[Opening Given records section]

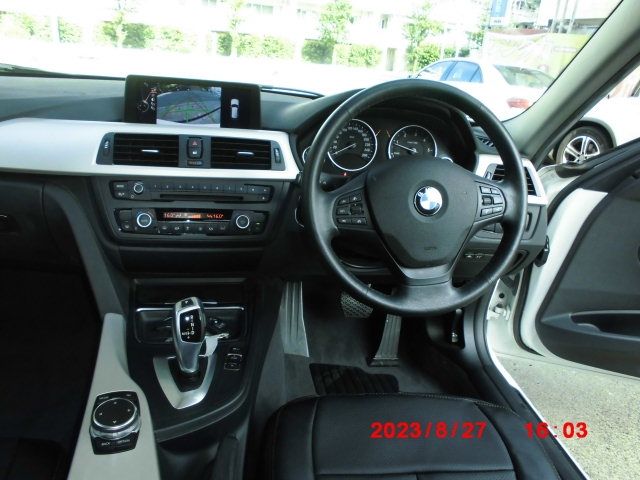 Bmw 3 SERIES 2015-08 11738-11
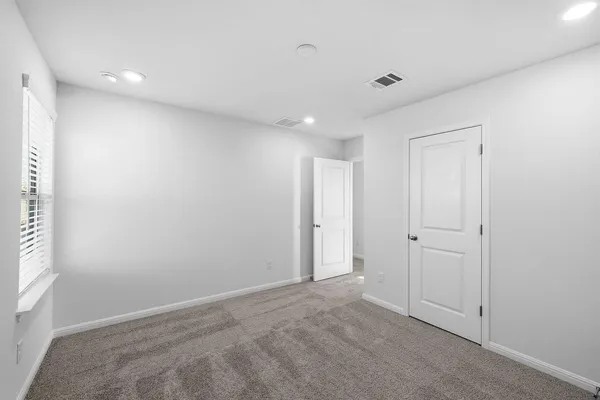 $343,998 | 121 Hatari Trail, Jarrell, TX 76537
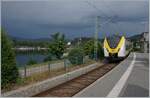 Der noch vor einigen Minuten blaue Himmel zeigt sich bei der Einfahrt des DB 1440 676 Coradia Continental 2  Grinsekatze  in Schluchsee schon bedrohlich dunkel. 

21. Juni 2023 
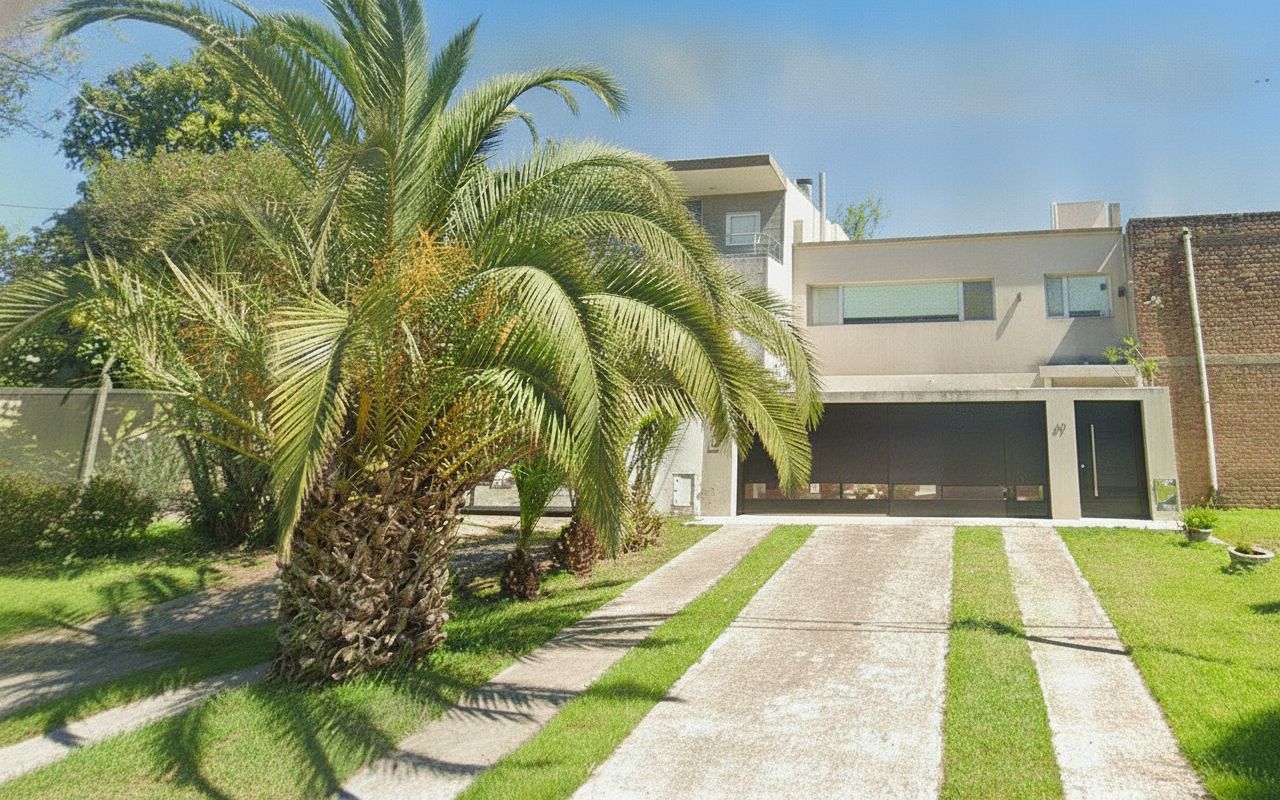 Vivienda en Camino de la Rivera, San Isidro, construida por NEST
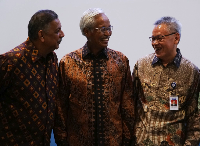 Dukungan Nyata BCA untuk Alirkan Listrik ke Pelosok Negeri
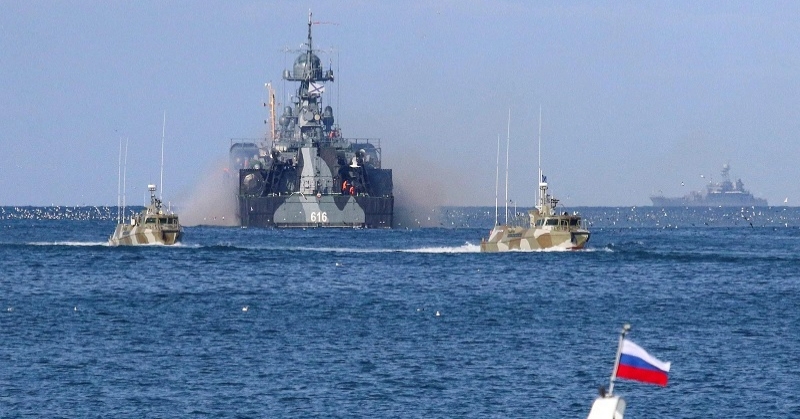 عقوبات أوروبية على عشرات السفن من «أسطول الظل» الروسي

[Closing Given records section]
[Opening Given records section]

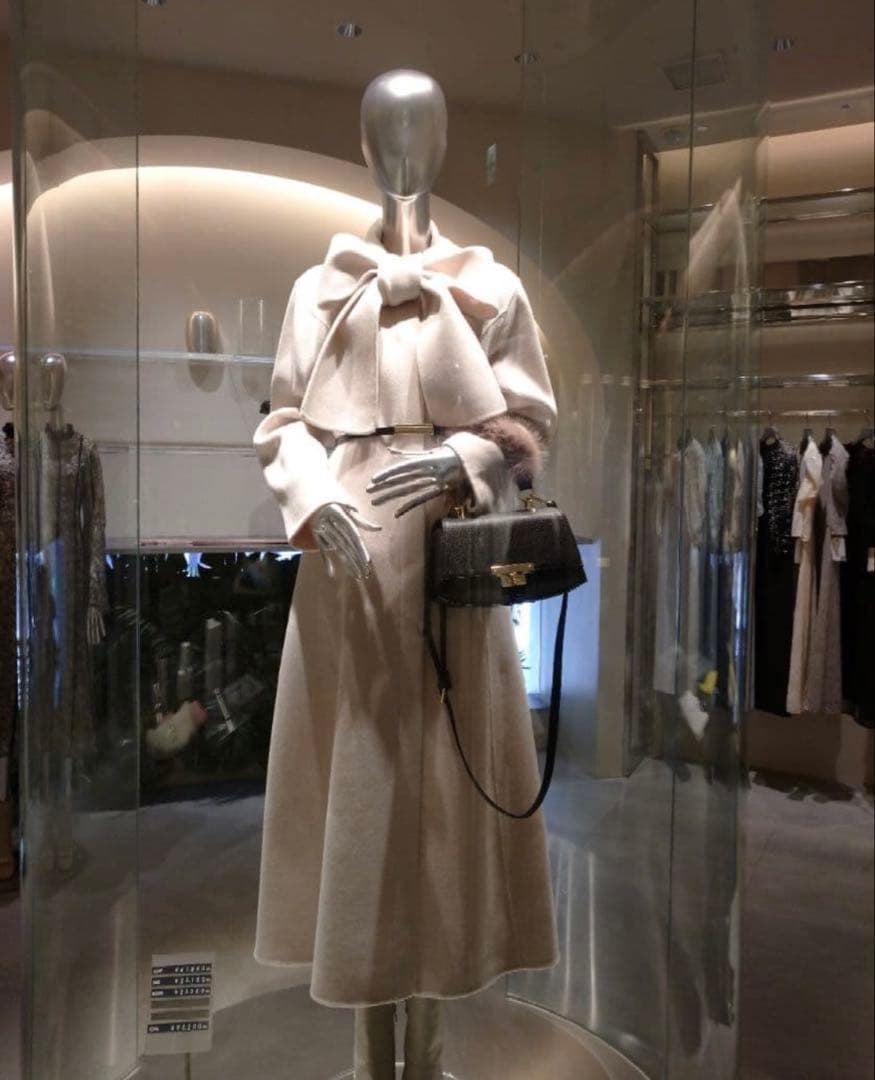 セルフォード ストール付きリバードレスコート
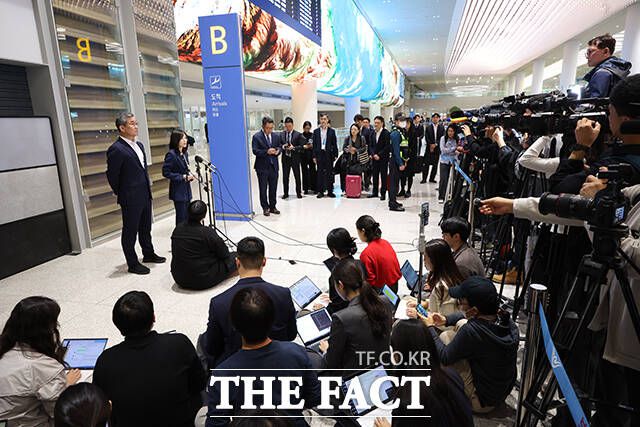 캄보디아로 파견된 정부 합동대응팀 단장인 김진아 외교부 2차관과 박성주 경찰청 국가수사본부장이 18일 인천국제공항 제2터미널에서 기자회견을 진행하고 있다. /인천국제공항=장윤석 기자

[Closing Given records section]
[Opening Given records section]

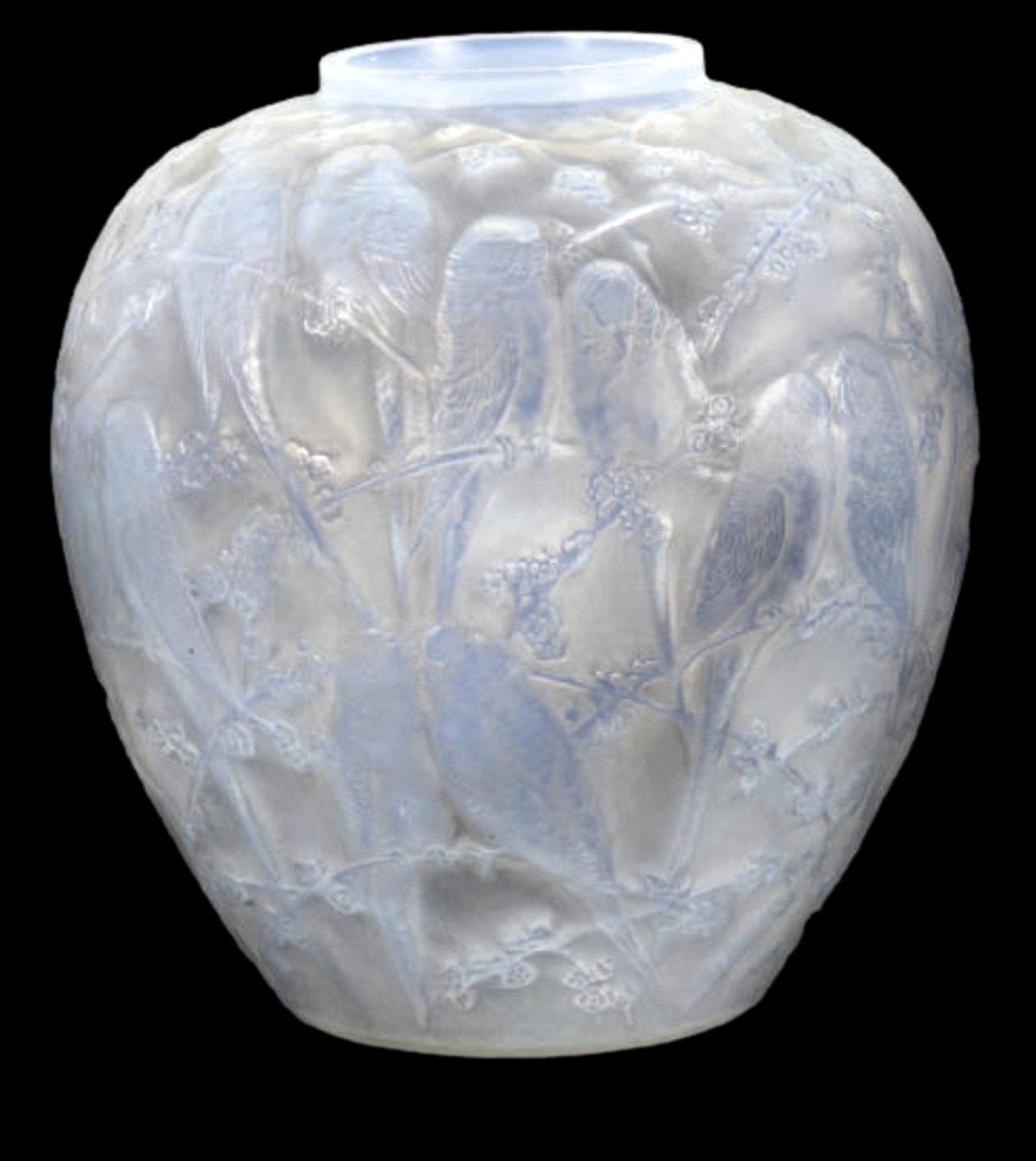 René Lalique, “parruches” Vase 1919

[Closing Given records section]

## Task objective
Above are the records. Copy word for word only their lines from the one holding "Bmw 3 SERIES 2015-08 11738-11" through the one holding "Dukungan Nyata BCA", both included, and skip the images.

## Exercise output
 Bmw 3 SERIES 2015-08 11738-11
 $343,998 | 121 Hatari Trail, Jarrell, TX 76537
 Der noch vor einigen Minuten blaue Himmel zeigt sich bei der Einfahrt des DB 1440 676 Coradia Continental 2  Grinsekatze  in Schluchsee schon bedrohlich dunkel. 

21. Juni 2023 
 Vivienda en Camino de la Rivera, San Isidro, construida por NEST
 Dukungan Nyata BCA untuk Alirkan Listrik ke Pelosok Negeri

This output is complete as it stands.